Let us take a cursory look at our latest batch of new parliamentarians—the 16 new appointees from the former Prime Minister’s resignation list. This list was oozing and dripping with patronage and cronyism. We now have 16 shiny new parliamentarians to welcome to these Houses of Parliament, but let us look at who they are. Thirteen of them are Conservative—[Hon. Members: “Hear, hear.”] Let me tell people exactly what they are like before they say that. Five of them were senior members of staff in the former Prime Minister’s office, with one a former special adviser to that Prime Minister. One was a special adviser to the former Secretary of State for Northern Ireland. One is a Conservative treasurer who just so happened to have given the Conservative party millions and millions of pounds over the years. Curiously—this is the one that gets me—one is the former leader of the Conservative remain campaign, who, I suggest, is not getting a peerage for any great success that he has delivered to the Conservative party.
I rise to correct the hon. Gentleman. The Conservative leader of the remain campaign is a she, not a he. If the hon. Gentleman professes to be an expert on appointments to that Chamber, it would at least be appropriate for him to recognise that it achieves gender balance as well as having many other virtues.
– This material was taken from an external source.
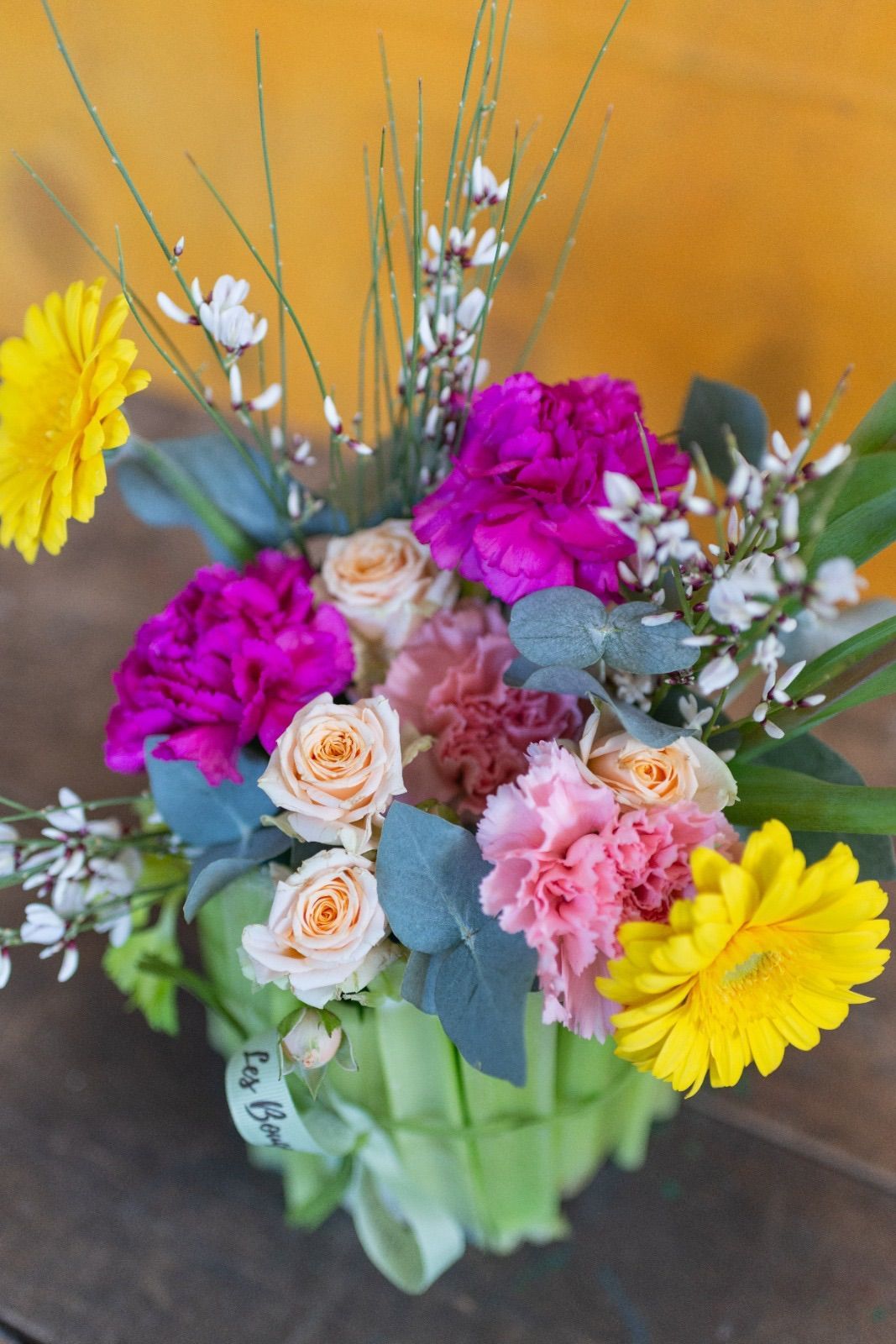 un vaso pieno di fiori colorati è seduto su un tavolo di legno .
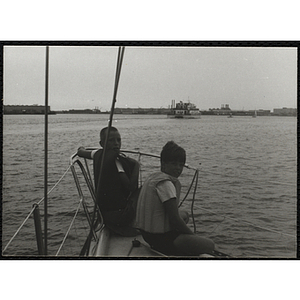 Two boys looking back from where they are sitting in a boat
There are many things that can be defined as redeeming features, and that is one that I accept, so I thank the right hon. Gentleman for pointing it out.
The new parliamentarians of Great Britain are strangers to the ballot box, but very good friends of the former Prime Minister.
Only land-locked Lesotho has elders as a feature of its democracy. This is the mother of all parliaments for goodness’ sake, and we still have people here because of birthright! It is absurd.
I have given way to the right hon. Gentleman before. [Interruption.] Oh, well, I will give way.
Once again, I will have to correct the hon. Gentleman on a point of fact. This is not the mother of all parliaments. The original phrase the “mother of parliaments” refers to this country, not to this institution, and the “mother of all” is a prefix associated with the Iraq war. If he is going to pack so many factual errors into his speech, how can we possibly take him seriously as a constitutional or any other sort of authority? He was a marvellous player and lyricist for Runrig, but as a constitutional theoretician, I am afraid that, sadly, he falls short.
On a positive note, I am very grateful that we have the right hon. Gentleman in this Chamber to correct me. I always thought that he had an issue with experts, but, clearly, he is a self-appointed one himself. We will let him get away with it just now.